The reason this doesn’t work when analyzing products is there are too many confounding variables. There are too many dimensions. Why someone who visited a website didn’t sign up might have nothing to do with your website. Or it might. You can’t tell without talking to them. That’s the problem. And the chances of them wanting to talk to you if they did not find what they wanted is low. (Even if you could pay them to talk to you, there’s so much nuance in the utility you could get, I’ll save it for another post.)
Maybe they thought your product was a meal planner to make sure they buy enough groceries for their family but it was actually a meal planner to get ripped so they clicked the back button. Maybe they saw your website as a scam and didn’t trust you with their information. Maybe they thought your product wasn’t going to help them achieve whatever outcome they thought it would at first. Maybe Pippeto the cat was missing for 3 days and just walked through the cat door as they got to your website. We don’t know. 🤷♂️
So what can you do to eliminate the uncertainty of whether or not the people you are analyzing wanted the outcome your product provides? You look at people who did perform your desired action such as buying. This eliminates the question of whether or not they had the intent to try your product.

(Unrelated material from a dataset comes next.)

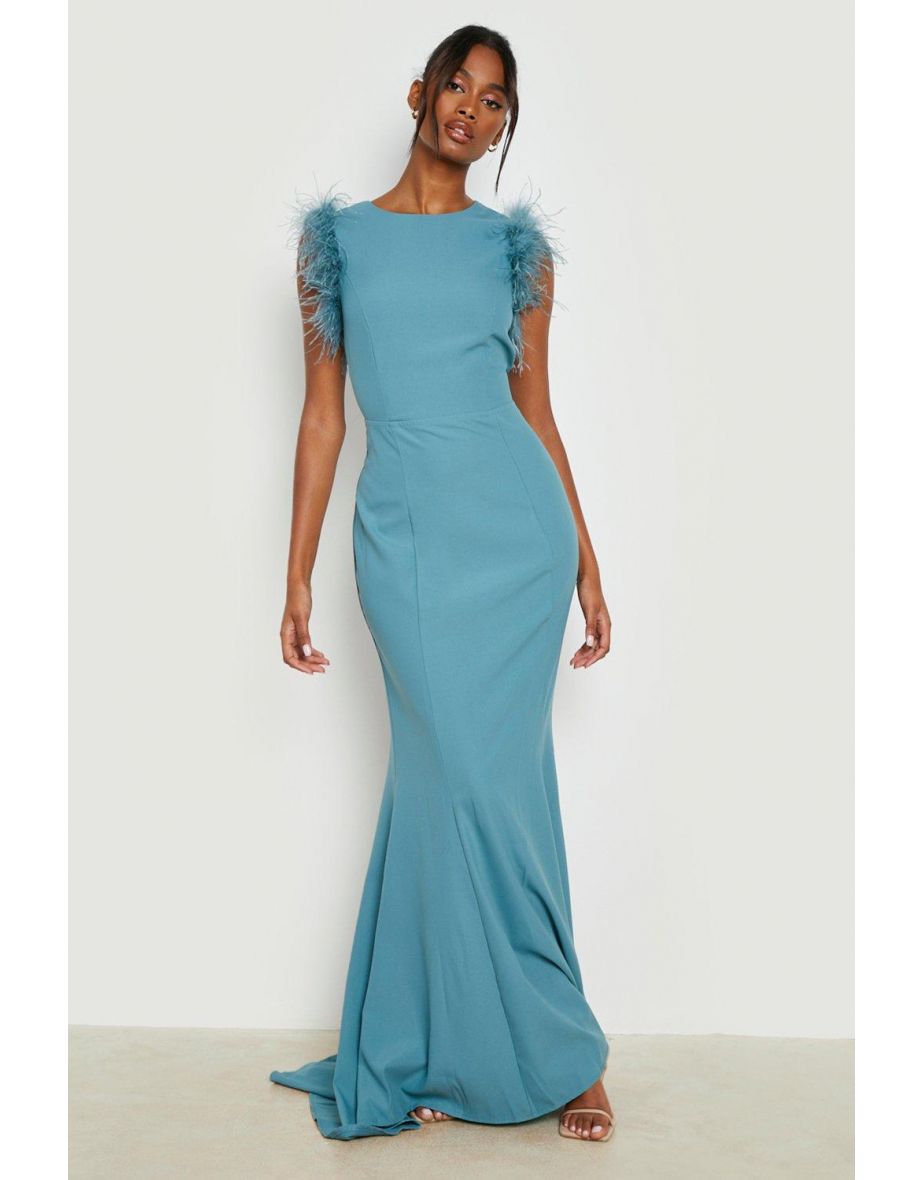 Blue fishtail 2024 maxi dress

Very few people will accidentally buy and use your product for three days.
There’s a tremendous amount you can learn from people who did perform the action beneficial to your business and them. For example, you can go back in time and examine three simple things about people who purchased your product:
- Where did they struggle to do something?
- Where did they struggle to understand?
- What did they see that catapulted them to buy?
Chances are, if John struggled for 30 minutes with widget D but ultimately figured it out and did purchase, there were 10X other people who did not. If Becky was feeling the solution might not work and felt weird about giving the website her credit card but took a risk, there were 10X other people who did not. If Larry saw the feedback poll about customer satisfaction buried in the blog somewhere and felt 40% of people succeeding with the product was very sincere which got him to purchase, 10X other people did not see that poll.
By understanding the most common places where customers who did purchase struggled to perform, understand, or simply discovered something convincing, you have the blueprint of improvements you can make. You also learn about who does want the outcome you provide and how they go about it. All because you eliminate the confounding factors and focus on understanding “high intent” visitors.